> _What this task involves_
Copy each line of the listing below exactly and drop the images.

> _Dataset entries_
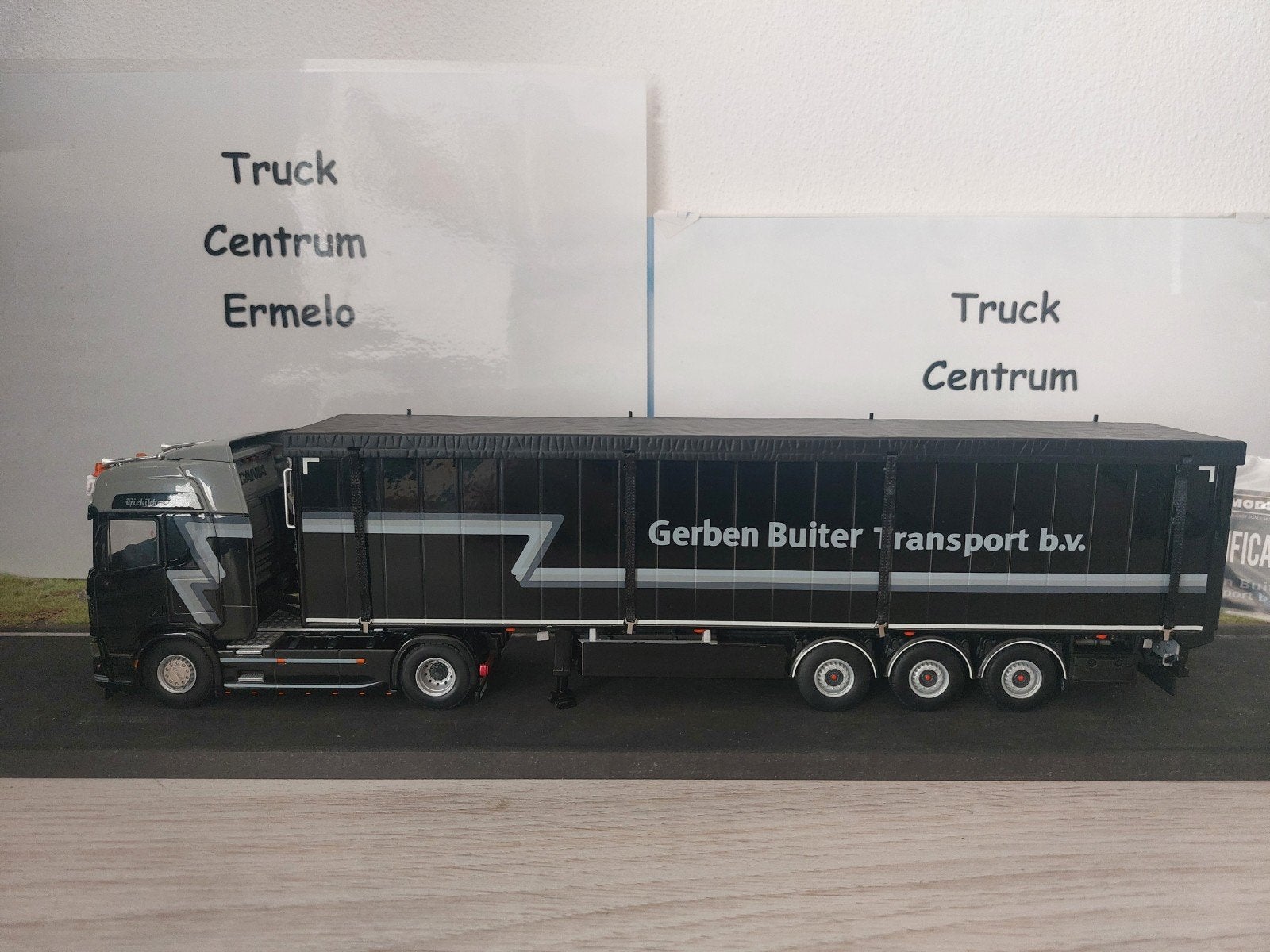Gerben Buiter Transport Scania met
walkingfloor
Exclusief mo, Ophalen of Verzenden, Nieuw, Bus of Vrachtwagen, Wsi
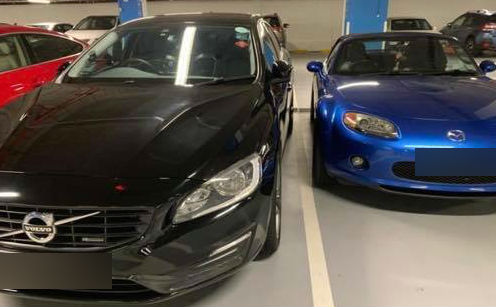 Screenshot of the woman’s Instagram story post showing the black Volvo (left) next to her blue Mazda. Photo: SG Kay Poh/Facebook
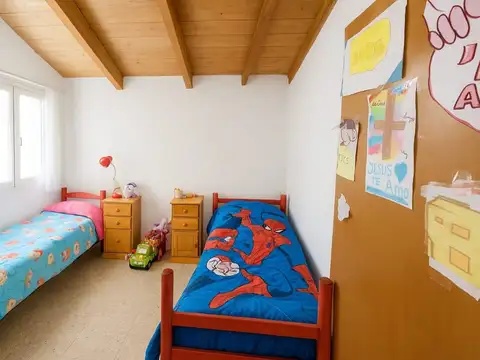 Casa 6 ambientes con 1 baño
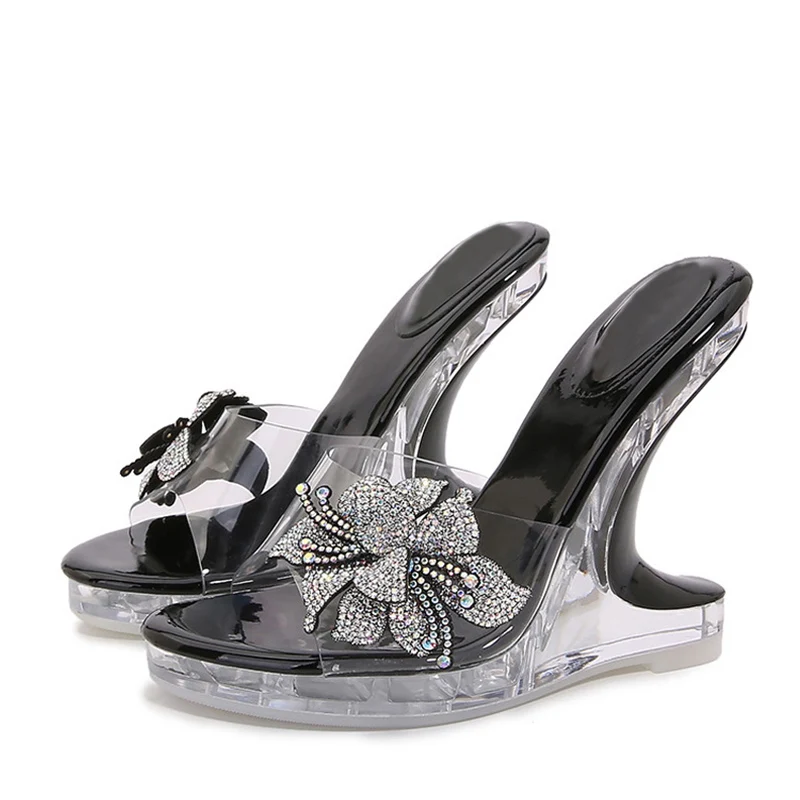 2024 Crystal Flowers Women's Strange High Heels Slippers Platform Wedge Sandals Slide Summer Open Toe PVC Clear Shoes for Women
2024 Crystal Flowers Women's Strange High Heels Slippers Platform Wedge Sandals Slide Summer Open Toe PVC Clear Shoes for Women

> _Reply_
Gerben Buiter Transport Scania met
walkingfloor
Exclusief mo, Ophalen of Verzenden, Nieuw, Bus of Vrachtwagen, Wsi
 Screenshot of the woman’s Instagram story post showing the black Volvo (left) next to her blue Mazda. Photo: SG Kay Poh/Facebook
 Casa 6 ambientes con 1 baño
 2024 Crystal Flowers Women's Strange High Heels Slippers Platform Wedge Sandals Slide Summer Open Toe PVC Clear Shoes for Women
2024 Crystal Flowers Women's Strange High Heels Slippers Platform Wedge Sandals Slide Summer Open Toe PVC Clear Shoes for Women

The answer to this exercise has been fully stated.